When Amy returned to Boston she wondered if these techniques would work
on the rare and exotic species found in her home, the American husband,
and she discovered that they did. She began by using positive
reinforcement to encourage her husband to pick up dirty clothes from the
floor. She came up with incompatible behaviors for those things that
drove her crazy in the kitchen, and finally, by ignoring his fussing
when he lost his keys, she was able to extinguish a negative behavior
that had ruined many a lovely morning.
In this week’s Torah portion, the idea of ignoring a negative behavior
in order to eliminate it, comes up in the commentaries in a surprising
way. The text, Deuteronomy 12 verses 2-3 urges the Israelites to destroy
the idolatrous shrines of the nations which they will find upon entering
the land of Israel. It reads in part: Tear down their altars, smash
their pillars, put their sacred posts to the fire and cut down the
images of their gods, obliterating their names from that site.” Perhaps
this was considered essential at the time the Israelites, an
unsophisticated desert people, entered Canaan, whose superior material
culture was sure to be enticing, but the idea of destroying the places
of worship of other people is abhorrent to us today and interestingly
bothered Jewish commentators for as long as we have written records.
Already in the second century Rabbi Ishmael reinterpreted this text
dramatically. The passage does not mean that you should destroy other
nation’s worship sites, he taught, but rather it is a warning to the
Jewish people not to worship idols in their sanctuary, lest it be
destroyed. In the middle ages, the impact of this text was drastically
diminished by the rabbinic authorities declaring the two religions with
which the Jewish people were interacting at that time, Islam and
Christianity, monotheistic and thus not idolatry.
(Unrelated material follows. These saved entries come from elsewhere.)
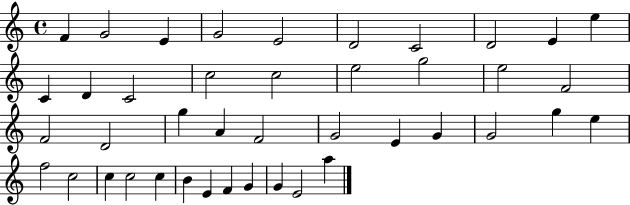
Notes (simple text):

F4/q G4/h E4/q G4/h E4/h D4/h C4/h D4/h E4/q E5/q C4/q D4/q C4/h C5/h C5/h E5/h G5/h E5/h F4/h F4/h D4/h G5/q A4/q F4/h G4/h E4/q G4/q G4/h G5/q E5/q F5/h C5/h C5/q C5/h C5/q B4/q E4/q F4/q G4/q G4/q E4/h A5/q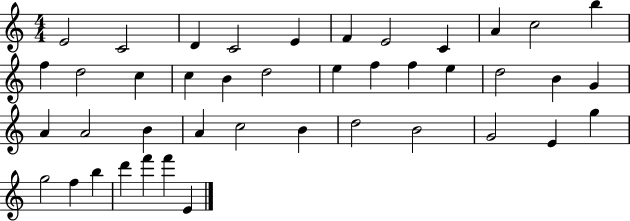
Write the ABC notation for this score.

X:1
T:Untitled
M:4/4
L:1/4
K:C
E2 C2 D C2 E F E2 C A c2 b f d2 c c B d2 e f f e d2 B G A A2 B A c2 B d2 B2 G2 E g g2 f b d' f' f' E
In the early 20th century the Hertz Chumash, familiar to many of us from
our childhoods, took a different approach. Rabbi Hertz asks, How do you
destroy their names? He then answers, the very memory of the local Baals
will cease, by our ignoring them. Their power, like the power of other
objects of idolatrous adoration, comes from the hold they have on our
minds, and so ignoring them destroys them.
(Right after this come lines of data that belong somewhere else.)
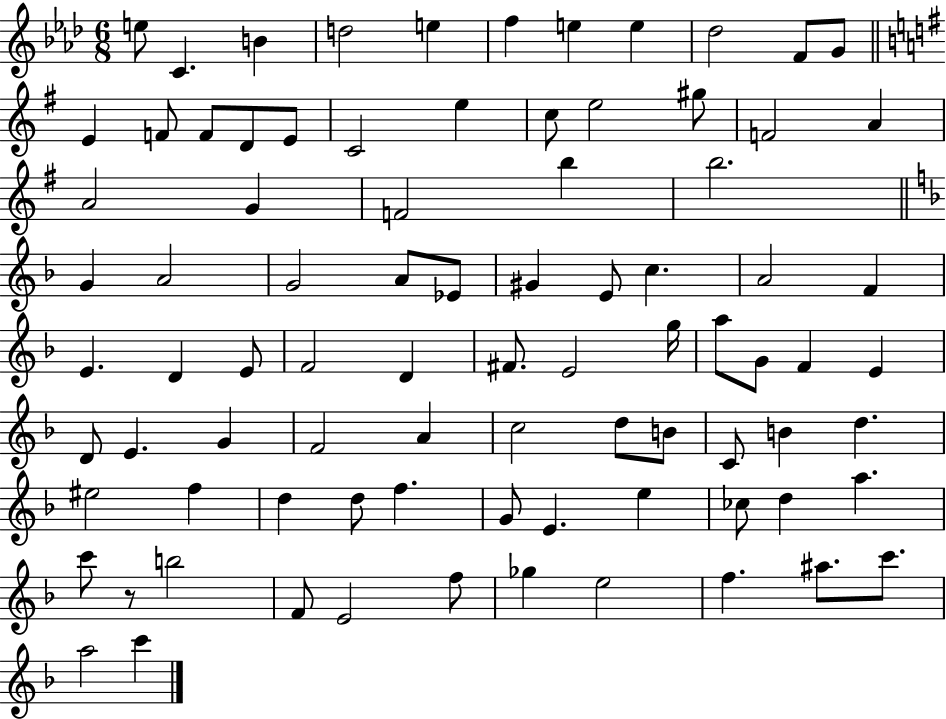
{
  \clef treble
  \numericTimeSignature
  \time 6/8
  \key aes \major
  e''8 c'4. b'4 | d''2 e''4 | f''4 e''4 e''4 | des''2 f'8 g'8 | \break \bar "||" \break \key e \minor e'4 f'8 f'8 d'8 e'8 | c'2 e''4 | c''8 e''2 gis''8 | f'2 a'4 | \break a'2 g'4 | f'2 b''4 | b''2. | \bar "||" \break \key d \minor g'4 a'2 | g'2 a'8 ees'8 | gis'4 e'8 c''4. | a'2 f'4 | \break e'4. d'4 e'8 | f'2 d'4 | fis'8. e'2 g''16 | a''8 g'8 f'4 e'4 | \break d'8 e'4. g'4 | f'2 a'4 | c''2 d''8 b'8 | c'8 b'4 d''4. | \break eis''2 f''4 | d''4 d''8 f''4. | g'8 e'4. e''4 | ces''8 d''4 a''4. | \break c'''8 r8 b''2 | f'8 e'2 f''8 | ges''4 e''2 | f''4. ais''8. c'''8. | \break a''2 c'''4 | \bar "|."
}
Ann Rubin Goldman, an educator at the Reform congregation in Tampa
Florida, writing about this for “Living Torah” suggests that we apply
Rabbi Hertz’s approach to contemporary Jewish life. She suggests that
rather than bemoaning and criticizing all that is wrong with American
Jewish practice we focus on reinforcing the positive. She urges that we
worry less about Jews for Jesus and other missionary activities and more
about making Shabbat meaningful for our communities, that we spend less
time scolding our families for putting up Christmas trees or other
perceived breaches of appropriate behavior and more into creating the
experiences that will give them good reasons to continue Jewish
traditions.
Jewish life is indeed a behavior that can be extinguished merely by
ignoring it, each unmarked holiday and life cycle event, each overlooked
mitzvah, another step towards its disappearance. A Bar and Bat Mitzvah
like this morning is just the opposite, it is the warm and positive
experience that reinforces all the study and commitment that lead to
today, with warm memories to continue in our hearts for years to come.